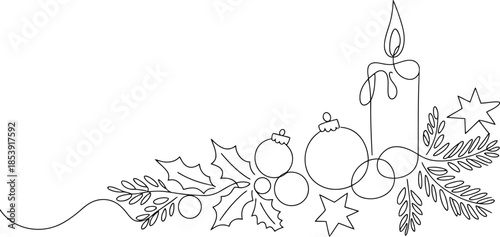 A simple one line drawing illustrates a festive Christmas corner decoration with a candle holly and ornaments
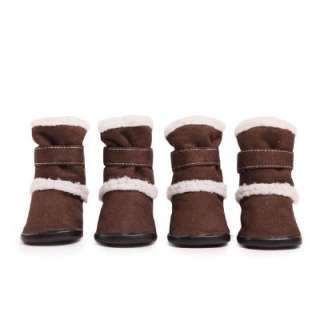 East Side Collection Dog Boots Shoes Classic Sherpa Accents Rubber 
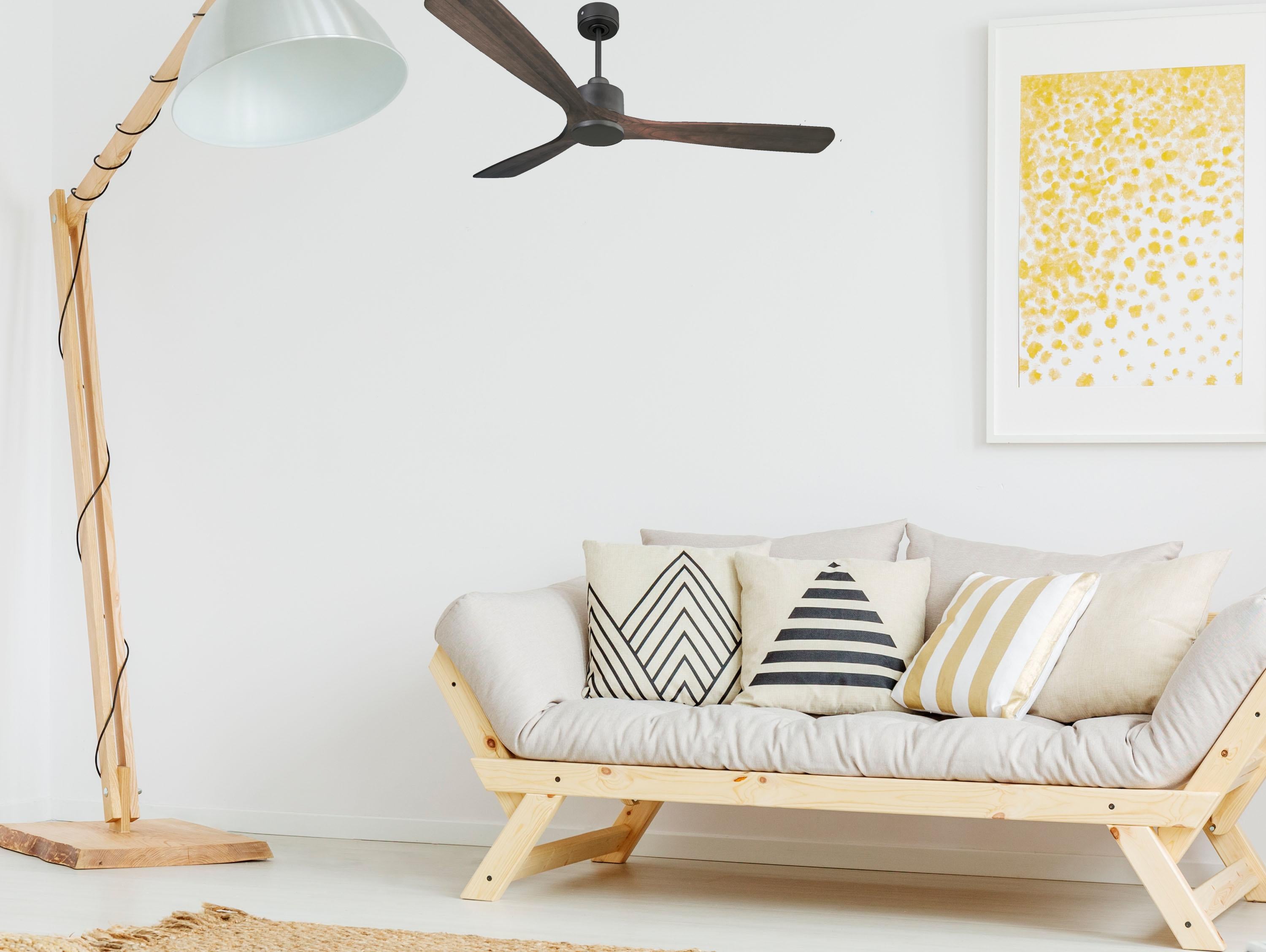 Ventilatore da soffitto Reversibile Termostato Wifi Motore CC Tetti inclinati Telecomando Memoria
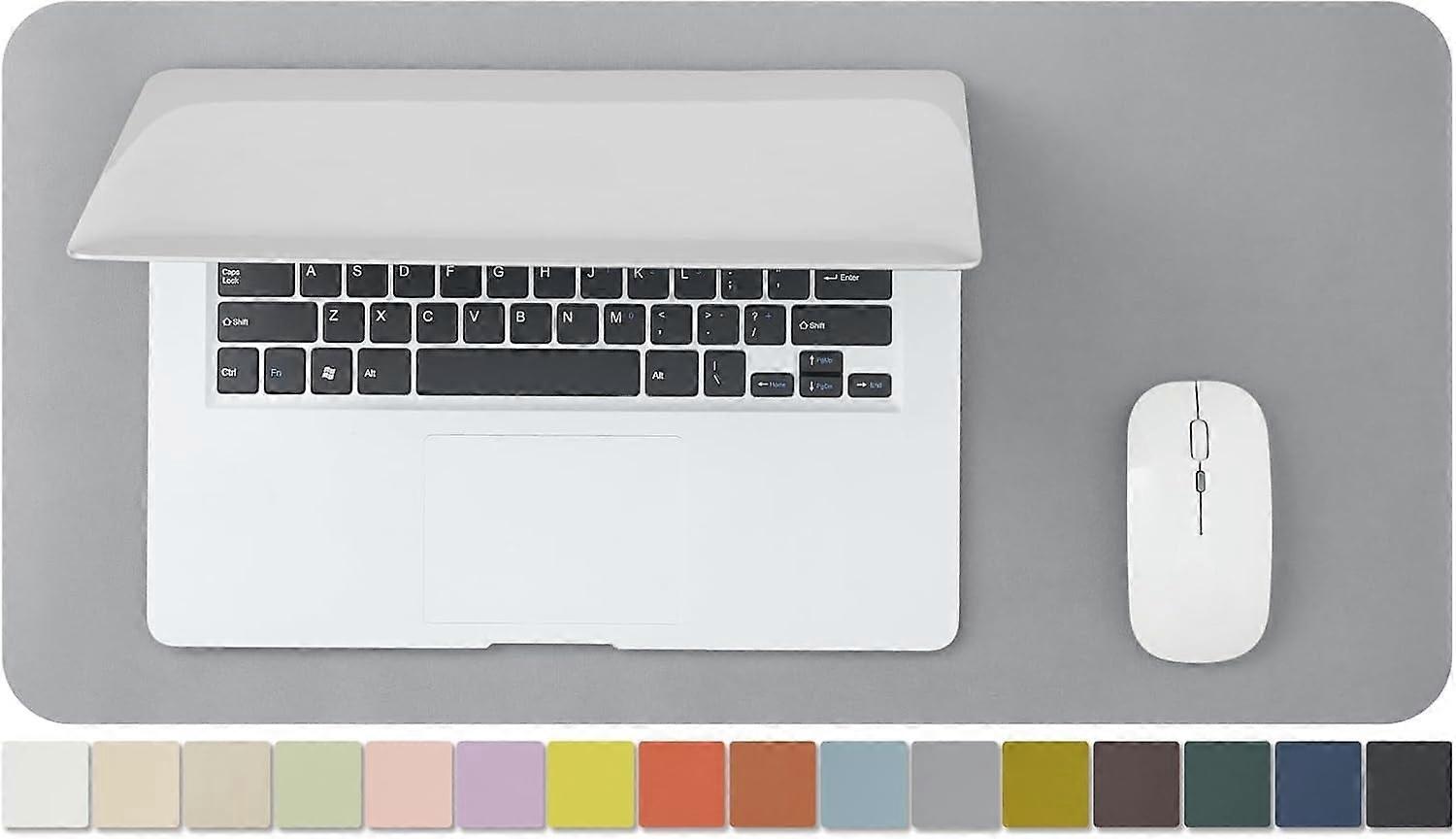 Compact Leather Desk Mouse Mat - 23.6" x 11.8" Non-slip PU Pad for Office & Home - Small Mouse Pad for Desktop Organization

•••••

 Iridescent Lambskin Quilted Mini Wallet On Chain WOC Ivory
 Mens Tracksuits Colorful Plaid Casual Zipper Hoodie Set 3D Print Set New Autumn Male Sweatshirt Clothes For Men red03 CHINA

•••••

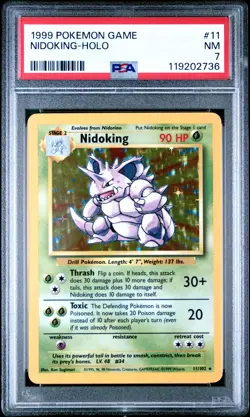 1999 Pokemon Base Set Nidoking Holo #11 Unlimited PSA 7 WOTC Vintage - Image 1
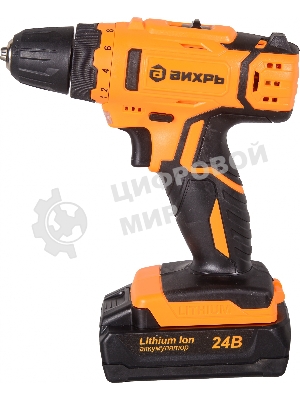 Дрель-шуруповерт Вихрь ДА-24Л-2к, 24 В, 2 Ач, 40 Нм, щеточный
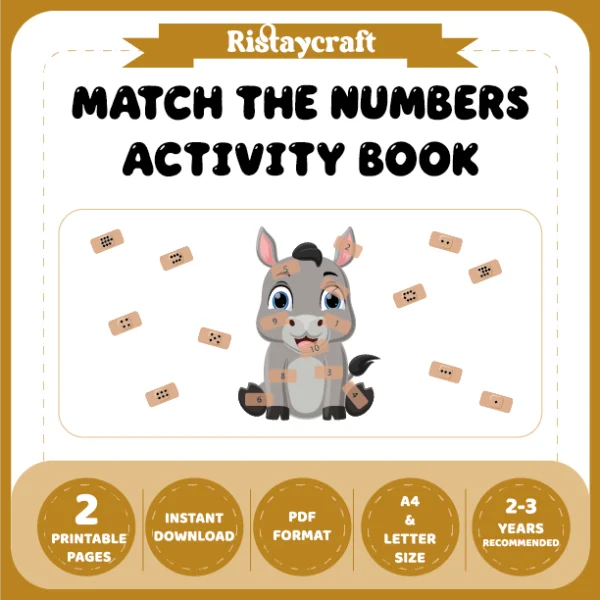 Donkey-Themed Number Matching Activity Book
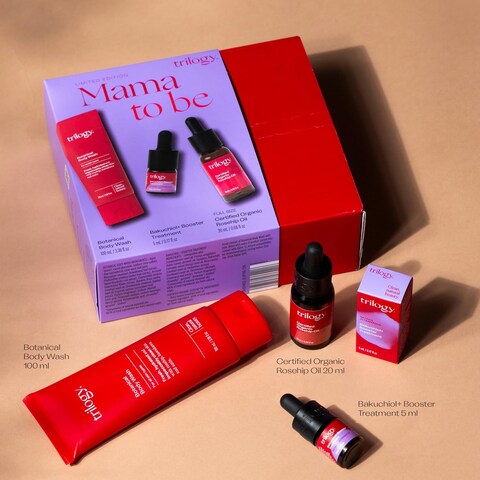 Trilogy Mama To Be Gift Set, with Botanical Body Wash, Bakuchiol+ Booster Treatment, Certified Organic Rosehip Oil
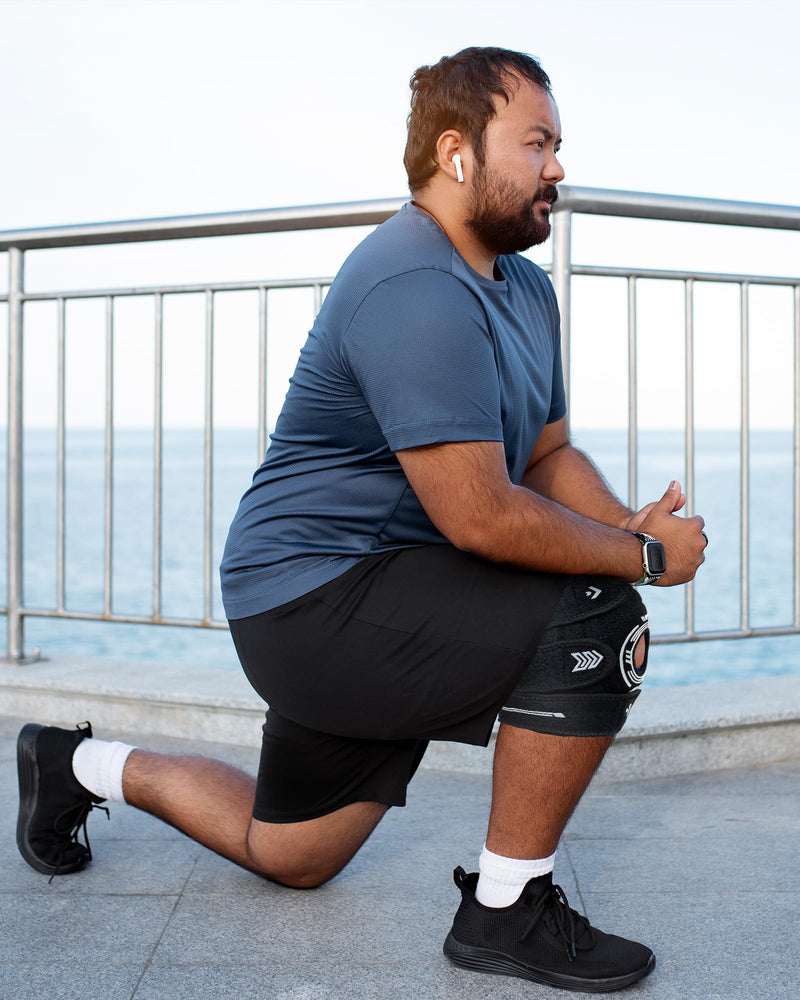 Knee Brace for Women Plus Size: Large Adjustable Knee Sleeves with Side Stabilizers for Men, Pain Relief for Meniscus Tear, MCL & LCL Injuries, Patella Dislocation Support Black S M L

•••••

Using the data above, transcribe exactly the lines between those containing "A simple one" and "Ventilatore da soffitto", inclusive, and leave every picture behind.

▶ [SOLUTION TO THIS EXERCISE]
 A simple one line drawing illustrates a festive Christmas corner decoration with a candle holly and ornaments
 East Side Collection Dog Boots Shoes Classic Sherpa Accents Rubber 
 Ventilatore da soffitto Reversibile Termostato Wifi Motore CC Tetti inclinati Telecomando Memoria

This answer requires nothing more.